(WHAT YOU NEED TO DO)
This exercise requires an exact copy of each line from the one containing "Glossy Fuild Drape" down to the last line below.

(TASK INPUTS)
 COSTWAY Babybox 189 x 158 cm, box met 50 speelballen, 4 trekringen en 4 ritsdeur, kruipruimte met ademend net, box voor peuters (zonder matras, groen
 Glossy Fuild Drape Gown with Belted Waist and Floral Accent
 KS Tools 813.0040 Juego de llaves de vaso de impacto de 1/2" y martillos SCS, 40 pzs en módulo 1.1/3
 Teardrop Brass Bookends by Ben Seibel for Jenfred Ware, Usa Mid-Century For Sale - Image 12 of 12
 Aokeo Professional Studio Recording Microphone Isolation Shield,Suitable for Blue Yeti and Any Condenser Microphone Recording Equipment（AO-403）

(SOLUTION FOR THIS PROBLEM)
 Glossy Fuild Drape Gown with Belted Waist and Floral Accent
 KS Tools 813.0040 Juego de llaves de vaso de impacto de 1/2" y martillos SCS, 40 pzs en módulo 1.1/3
 Teardrop Brass Bookends by Ben Seibel for Jenfred Ware, Usa Mid-Century For Sale - Image 12 of 12
 Aokeo Professional Studio Recording Microphone Isolation Shield,Suitable for Blue Yeti and Any Condenser Microphone Recording Equipment（AO-403）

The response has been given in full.